▶ [TRY IT]
Reproduce exactly, and only, the lines of the material below running from the line bearing "Brasil fecha 331.901" through the line bearing "2017 TOYOTA RAV4". Leave any pictures out.

▶ [DATA SHOWN]
*** Block opens ***

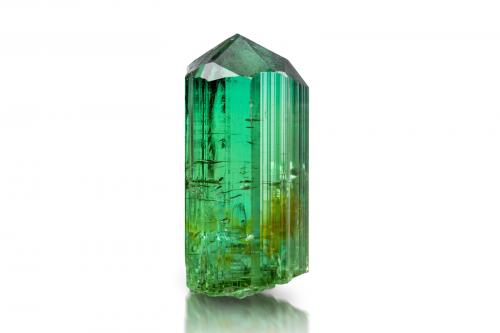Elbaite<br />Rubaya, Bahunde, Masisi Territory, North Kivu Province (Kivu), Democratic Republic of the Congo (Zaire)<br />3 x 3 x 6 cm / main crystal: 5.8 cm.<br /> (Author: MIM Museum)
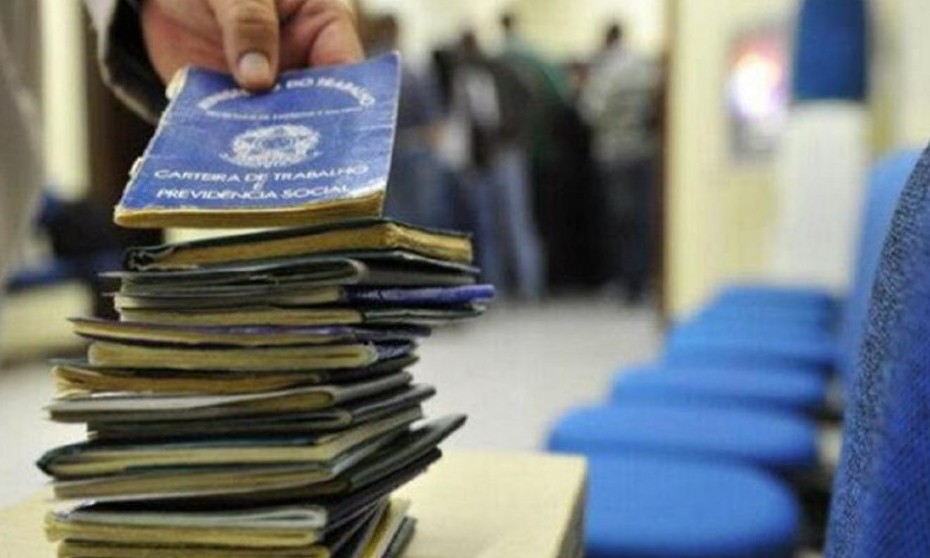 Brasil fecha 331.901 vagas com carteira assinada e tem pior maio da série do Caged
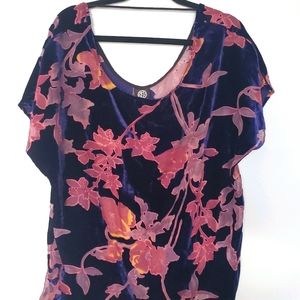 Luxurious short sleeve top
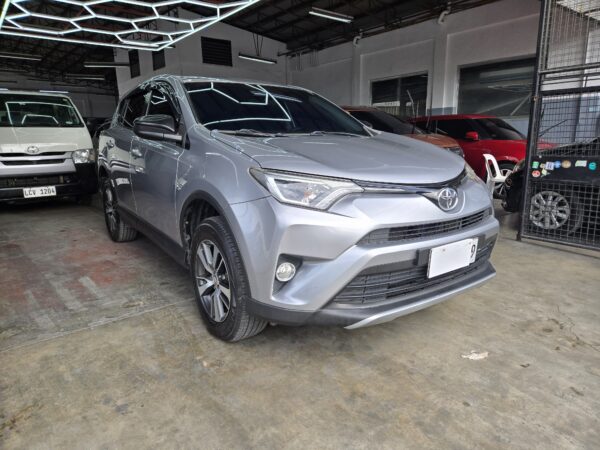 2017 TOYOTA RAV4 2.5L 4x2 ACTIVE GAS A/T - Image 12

*** Block closes ***
*** Block opens ***

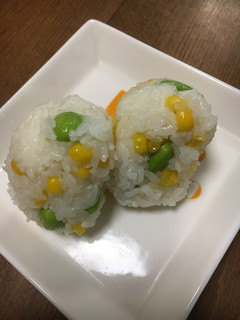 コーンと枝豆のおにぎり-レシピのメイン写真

*** Block closes ***
*** Block opens ***

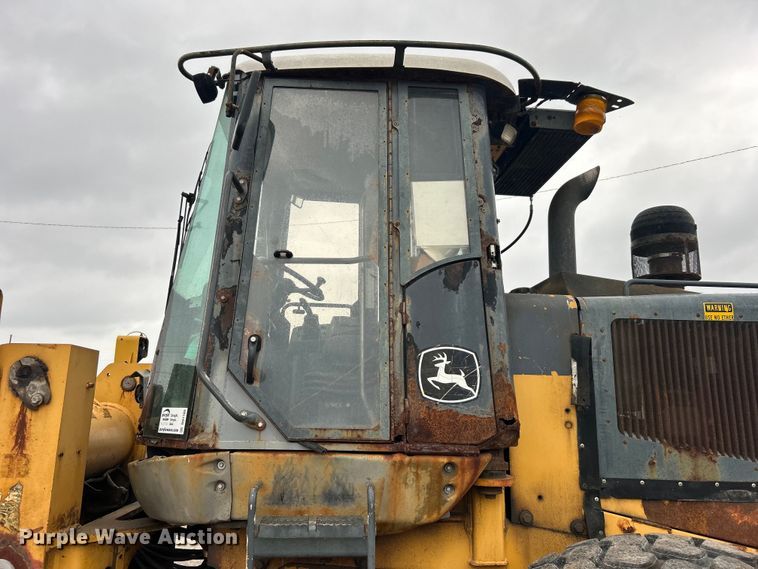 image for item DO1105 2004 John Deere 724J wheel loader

*** Block closes ***

▶ [WRITTEN RESPONSE]
 Brasil fecha 331.901 vagas com carteira assinada e tem pior maio da série do Caged
 Luxurious short sleeve top
 2017 TOYOTA RAV4 2.5L 4x2 ACTIVE GAS A/T - Image 12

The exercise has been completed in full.